Running 2,3 DNNs in parallel, effect on inference time

I have a pipeline which involves inferencing using driveNet and feeding the output of car detections to two DNNs (binary classifiers to detect Volkswagen or car). I have modified the for loop in the original driveworks sample(looping over each detection of each class).
I am then using std::async to create multiple threads that will do inferencing using any 1 classifier.

My goal is to horizontally scale (more classifiers) so as to reduce the overall process time.
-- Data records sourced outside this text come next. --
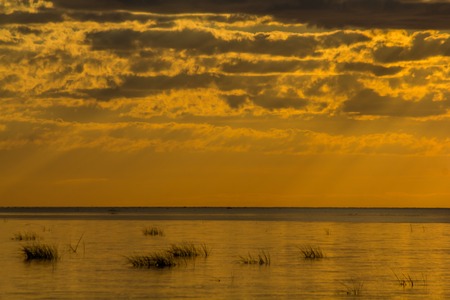 Unusual sunset on the sea. Sea sunset background. Evening sunset Sea and sky. Beautiful sunset. Fiery sky Sky and clouds.の写真素材
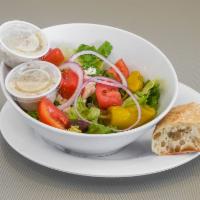 Greek Salad · Romaine, tomato, red onion, feta cheese, pepperoncini, black olives and mediterranean dressi...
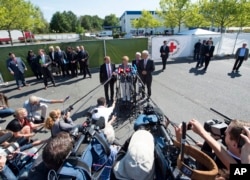 German Chancellor Angela Merkel addresses the media after her visit to a refugee shelter that was attacked by far-right protesters over the weekend in Heidenau, eastern Germany, Aug. 26, 2015.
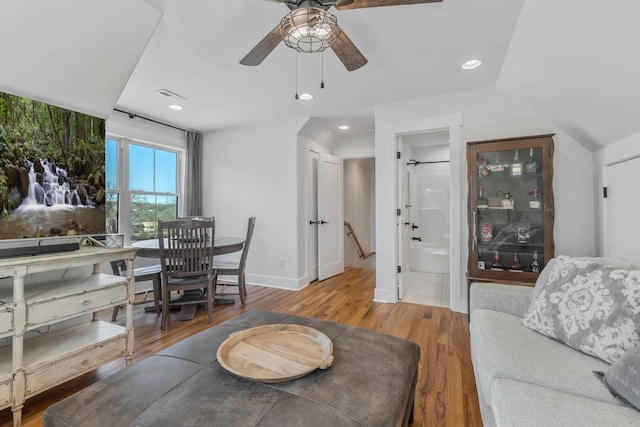 living area with recessed lighting, visible vents, ceiling fan, wood finished floors, and baseboards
My issue is when i use a single classifier the inference time is 2ms, but when I use 2 or 3 classifiers the inference time is 4ms and 6ms respectively per classifier.
Looks like each classifier is running sequentially.
How do I keep the inference time same?
below is my code: for calling just dnn1, I have similarly another function for dnn2.
calling command:

void Classifier_1(dwObjectDataCamera objCameraData)
uint32_t x=objCameraData.box2D.x;
uint32_t y=objCameraData.box2D.y;
uint32_t width=objCameraData.box2D.width;
uint32_t height=objCameraData.box2D.height;
dwRect roi;
std::lock_guardstd::mutex mtx1_lock(s_Mutex1);
auto starti=std::chrono::high_resolution_clock::now();
dwImageCUDA* rgbaImage = nullptr;
dwImage_getCUDA(&rgbaImage, m_imageRGBA);
CHECK_DW_ERROR(dwDataConditioner_prepareData(m_dnnInputDevice1, &rgbaImage, 1, &roi,
cudaAddressModeClamp, m_dataConditioner1));
CHECK_DW_ERROR(dwDNN_infer(&m_dnnOutputsDevice1, &m_dnnInputDevice1, m_dnn1));
CHECK_CUDA_ERROR(cudaMemcpy(m_dnnOutputsHost1.get(), m_dnnOutputsDevice1,
sizeof(float32_t) * m_totalSizesOutput, cudaMemcpyDeviceToHost));
auto endi=std::chrono::high_resolution_clock::now();
if ((m_dnnOutputsHost1.get()+1)>(m_dnnOutputsHost1.get()))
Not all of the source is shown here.